Dahi Bagus makin mengkerut. Ia tak habis pikir temannya ini sedang berimajinasi hingga setengah gila seperti ini. Ia mencoba berdamai dengan dirinya bahwa Jono mungkin tengah berlatih sebuah drama teater atau memang benar-benar mengkhayal. Diintipnya lagi lubang yang ada di pagar yang tertutup itu, Jono masih melakukan hal yang sama. Sedikit bergidik melihat tingkah Jono, Bagus menyudahi kegiatan memata-matainya kali ini. Dilihatnya langit makin menjingga, dan ia pun pulang.
***
SIANG yang lumayan panas ini, Bagus menunggu Jono di kantin. Sebelumnya ketika di kelas, Bagus mengirimkan pesan singkat pada Jono untuk menemuinya di kantin sekolah ketika istirahat tiba. Sambil menyeruput es jeruknya yang mulai habis, pandangannya menerawang ke sekeliling kantin, menanti sosok Jono muncul. Bagus mulai gelisah karena sebentar lagi waktu istirahat akan segera berakhir. Sesekali dilihatnya jam tangan kemudian melihat sekeliling dan ternyata Jono muncul.
“Nah, ini dia yang ditunggu,” kata Bagus.
“Ada apa sih, Gus?” tanya Jono sambil membetulkan letak kacamatanya.
“Jon, aku nggak habis pikir.”
“Nggak habis pikir gimana maksudmu? Aku nggak ngerti.”
“Itu! Soal cewek yang kamu panggil Laras. Dia itu sebenarnya nggak ada, kan? Itu cuma khayalan kamu aja, kan? Jon… Jon… mengkhayal kok realistis gitu?”

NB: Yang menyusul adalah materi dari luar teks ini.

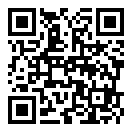 波兰球末世维稳下载入口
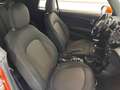 MINI Cooper Cabrio Aut. Oranje - thumbnail 6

“Jadi maksud kamu aku ini berkhayal?”
“Iya.”
“Jadi kamu pikir aku gila?”
“Betul itu.”
“Gus, yang gila itu kamu!”
“Loh, kok aku?” tanya Bagus heran dan memandang Jono.

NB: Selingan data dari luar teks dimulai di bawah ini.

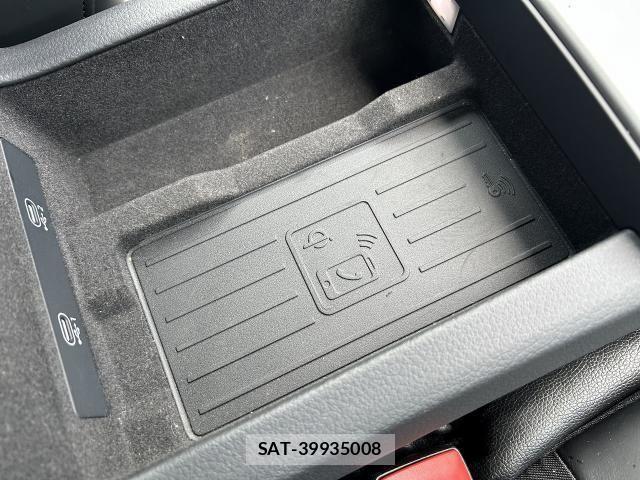 Audi A6 2022-04 8129009-8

“Memang kamu pikir aku ini nyata? Laras juga nyata? Sadar, Gus. Aku ini cuma imajinasi kamu aja. Aku ini teman khayalan kamu aja.”
Bagus terperangah. Kemudian dia mencoba memanggil memori masa lalunya. Tentang Jono dan rumahnya. Memang kosong. Sama seperti rumah Laras yang diceritakan Jono, tak ada siapa-siapa. Jono tidak nyata, Laras pun juga tidak. Laras adalah imajinasinya Jono, dan Jono adalah imajinasinya Bagus. Seketika itu juga Bagus seolah-olah tersadar. Kemudian datang Bulek mie ayam kantin yang melewati tempat Bagus duduk.
“Kamu nggak sakit kan, Gus?” tanya Bulek.
“Nggak, Bulek. Memang kenapa?”
“Kalau kamu sehat, kenapa daritadi saya perhatikan kamu ngomong sendiri?” tanya Bulek lagi sambil mengangkat mangkuk-mangkuk mie ayam yang telah habis dimakan. Bagus melihat sekelilingnya, semua orang memerhatikannya. Ada yang memandang aneh dan ada pula yang menertawakannya. Bagus sedang dalam kondisi kebingungan. Lalu Jono tertawa dan berkata, “Makanya Gus, jadi orang jangan terlalu pintar!”